Thomson Reuters, the Canadian content and technology group that owns Reuters News, is cutting engineering jobs globally as it pushes artificial intelligence through its legal, tax, and regulatory products. The employee spoke on condition of anonymity because the meeting was not public.
Up to 500 is roughly 1.8% of a workforce of about 27,100. Measured against the unit the cuts actually fall on, the company's operations and technology division of about 9,400 people, it is closer to 5.2%. Which of those two denominators you prefer determines whether the phrase “small number” is a description or a decision.
“As customer expectations across legal, tax, and regulatory workflows evolve, we are focusing our capacity where it matters most to customers,” a company spokesperson said. “We are supporting affected colleagues through the transition.” The statement did not name a figure, a date, or a location.
The same statement contained the counterweight. Thomson Reuters expects to hire more than 250 net-new engineering roles globally over the next two years, “the large majority senior and AI-native”.
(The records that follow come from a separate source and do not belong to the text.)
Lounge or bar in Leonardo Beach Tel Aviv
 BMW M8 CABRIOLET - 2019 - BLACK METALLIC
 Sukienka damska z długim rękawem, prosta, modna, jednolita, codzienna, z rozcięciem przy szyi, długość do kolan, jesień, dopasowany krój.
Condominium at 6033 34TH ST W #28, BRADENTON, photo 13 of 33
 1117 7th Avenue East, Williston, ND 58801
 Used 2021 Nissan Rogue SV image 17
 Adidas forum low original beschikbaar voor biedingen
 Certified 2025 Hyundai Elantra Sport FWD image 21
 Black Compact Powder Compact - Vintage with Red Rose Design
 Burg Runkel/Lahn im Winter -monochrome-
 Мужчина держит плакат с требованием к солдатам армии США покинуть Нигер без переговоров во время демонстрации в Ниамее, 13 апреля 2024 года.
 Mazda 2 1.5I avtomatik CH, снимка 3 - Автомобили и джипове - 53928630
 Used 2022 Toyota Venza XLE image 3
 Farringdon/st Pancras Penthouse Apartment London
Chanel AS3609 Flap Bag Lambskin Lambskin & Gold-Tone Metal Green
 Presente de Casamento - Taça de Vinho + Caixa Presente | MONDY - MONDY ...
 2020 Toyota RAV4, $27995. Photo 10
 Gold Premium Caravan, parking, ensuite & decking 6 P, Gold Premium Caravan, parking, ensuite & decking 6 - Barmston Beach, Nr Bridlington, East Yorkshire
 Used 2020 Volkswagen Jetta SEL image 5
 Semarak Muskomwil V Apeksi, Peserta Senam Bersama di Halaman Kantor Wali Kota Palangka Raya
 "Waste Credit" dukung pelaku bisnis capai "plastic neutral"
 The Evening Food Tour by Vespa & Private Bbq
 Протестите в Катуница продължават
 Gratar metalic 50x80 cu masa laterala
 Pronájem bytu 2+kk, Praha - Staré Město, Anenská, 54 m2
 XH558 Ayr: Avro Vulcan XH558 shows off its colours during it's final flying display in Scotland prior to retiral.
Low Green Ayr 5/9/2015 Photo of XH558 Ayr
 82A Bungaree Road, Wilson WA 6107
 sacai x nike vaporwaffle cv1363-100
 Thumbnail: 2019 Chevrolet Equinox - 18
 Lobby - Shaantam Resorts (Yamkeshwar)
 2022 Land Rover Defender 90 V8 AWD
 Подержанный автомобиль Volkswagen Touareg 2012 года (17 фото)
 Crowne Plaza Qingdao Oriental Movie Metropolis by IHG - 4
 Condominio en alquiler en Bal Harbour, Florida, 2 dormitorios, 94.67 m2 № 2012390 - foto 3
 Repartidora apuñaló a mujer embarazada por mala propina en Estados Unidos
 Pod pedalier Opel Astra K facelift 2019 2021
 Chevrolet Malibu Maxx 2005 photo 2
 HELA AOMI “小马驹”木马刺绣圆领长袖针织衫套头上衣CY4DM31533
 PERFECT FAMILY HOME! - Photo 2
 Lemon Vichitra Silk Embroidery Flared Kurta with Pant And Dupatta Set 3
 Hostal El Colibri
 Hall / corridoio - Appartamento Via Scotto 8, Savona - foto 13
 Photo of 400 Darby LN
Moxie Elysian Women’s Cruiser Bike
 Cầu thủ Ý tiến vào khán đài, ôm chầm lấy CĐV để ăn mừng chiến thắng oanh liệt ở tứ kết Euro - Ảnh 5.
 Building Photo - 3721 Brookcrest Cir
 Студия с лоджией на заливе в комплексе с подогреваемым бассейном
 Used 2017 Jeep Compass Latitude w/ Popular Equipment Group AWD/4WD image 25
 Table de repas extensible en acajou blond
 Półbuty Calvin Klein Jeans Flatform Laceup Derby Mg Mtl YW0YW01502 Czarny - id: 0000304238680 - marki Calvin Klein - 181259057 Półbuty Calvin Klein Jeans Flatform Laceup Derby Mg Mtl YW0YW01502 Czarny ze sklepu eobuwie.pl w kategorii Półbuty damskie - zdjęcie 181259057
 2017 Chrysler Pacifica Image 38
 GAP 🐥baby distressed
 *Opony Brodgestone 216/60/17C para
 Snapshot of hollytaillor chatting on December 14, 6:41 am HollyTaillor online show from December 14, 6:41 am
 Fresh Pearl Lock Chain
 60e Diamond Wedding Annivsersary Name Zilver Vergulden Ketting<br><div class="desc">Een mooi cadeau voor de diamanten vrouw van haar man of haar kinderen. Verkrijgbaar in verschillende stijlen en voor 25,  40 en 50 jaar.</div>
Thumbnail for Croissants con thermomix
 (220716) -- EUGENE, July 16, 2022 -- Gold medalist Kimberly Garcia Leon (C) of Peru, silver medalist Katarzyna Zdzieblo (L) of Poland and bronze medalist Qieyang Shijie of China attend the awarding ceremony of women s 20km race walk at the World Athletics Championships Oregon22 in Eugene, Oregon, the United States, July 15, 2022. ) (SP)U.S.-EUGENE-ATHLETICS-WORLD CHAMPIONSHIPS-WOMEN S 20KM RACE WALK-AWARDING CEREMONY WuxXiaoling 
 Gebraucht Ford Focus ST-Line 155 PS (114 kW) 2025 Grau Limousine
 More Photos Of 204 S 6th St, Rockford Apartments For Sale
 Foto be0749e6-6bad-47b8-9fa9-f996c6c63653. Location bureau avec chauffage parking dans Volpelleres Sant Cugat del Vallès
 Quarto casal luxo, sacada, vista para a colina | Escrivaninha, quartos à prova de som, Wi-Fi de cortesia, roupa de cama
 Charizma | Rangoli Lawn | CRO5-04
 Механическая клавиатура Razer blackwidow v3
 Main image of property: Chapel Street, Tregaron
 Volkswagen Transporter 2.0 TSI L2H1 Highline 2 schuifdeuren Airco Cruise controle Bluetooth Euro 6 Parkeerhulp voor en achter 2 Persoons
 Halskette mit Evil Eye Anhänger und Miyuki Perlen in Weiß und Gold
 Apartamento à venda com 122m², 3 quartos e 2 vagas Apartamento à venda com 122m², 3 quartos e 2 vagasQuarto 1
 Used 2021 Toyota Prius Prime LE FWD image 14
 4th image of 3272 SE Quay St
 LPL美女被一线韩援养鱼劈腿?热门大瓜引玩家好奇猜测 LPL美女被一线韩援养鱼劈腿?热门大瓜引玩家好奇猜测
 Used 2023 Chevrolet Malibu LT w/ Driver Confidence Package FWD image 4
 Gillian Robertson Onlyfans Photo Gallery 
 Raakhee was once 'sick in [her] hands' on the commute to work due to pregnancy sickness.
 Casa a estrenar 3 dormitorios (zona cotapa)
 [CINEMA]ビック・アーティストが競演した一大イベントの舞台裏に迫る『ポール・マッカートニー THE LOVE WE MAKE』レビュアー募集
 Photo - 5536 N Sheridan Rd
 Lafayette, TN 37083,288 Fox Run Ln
That sentence is the whole story of the current tech labour market compressed into eleven words. The roles are not disappearing so much as being reissued at a higher grade, with a shorter shortlist.
It is the same arithmetic GitLab used when it restructured for what it called the agentic era, and the same one behind the new job titles that have appeared over the past 18 months, which pay more, demand more, and exist in smaller quantities than the jobs they replace.
Around 120,000 technology workers have lost their jobs across 228 companies so far in 2026, according to the tracker layoffs.fyi, a list that already includes Meta, Amazon, and LinkedIn.
Software engineers, long the group most insulated from downturns and the most reliably rehired after them, have become the ones most exposed to a tool that writes code. The industry spent 20 years telling everyone else to learn to program.
Whether the tool is the reason is a separate question, and one the industry has learned to be careful about. Mark Zuckerberg told Meta staff that its cuts were about capital expenditure rather than AI-driven productivity, an unusually candid admission that the AI framing is often applied after the fact. Thomson Reuters has not made that distinction.
It has simply placed the words “deploying AI” and “cutting roles” in the same announcement and left them there.
The company has spent the past two years positioning itself as an AI business rather than a database business, embedding assistants across Westlaw, its legal research platform, and its tax and accounting products.
Legal research is, in fairness, close to an ideal application: a vast proprietary corpus, a well-defined query, and customers who bill by the hour and would like to bill fewer of them. Regulatory and tax workflows have the same shape, which is why the spokesperson's statement listed all three.
Thomson Reuters is also the parent company of Reuters News, which is how a wire service came to report, carefully and with an anonymous source, on its own owner's redundancies. The dateline reads “July 13 (Reuters)” and the story carries no named byline, only the credit line “Reporting by Reuters staff”.
Investors were not troubled. Thomson Reuters shares closed up around 5% on Monday, among the strongest performers on the day, in a session when the wider technology complex sold off sharply.
The company did not say when the affected staff will leave, in which countries, or which teams within operations and technology are carrying the reduction. It also did not repeat the figure of 500. That number exists in public because someone in the meeting decided it should.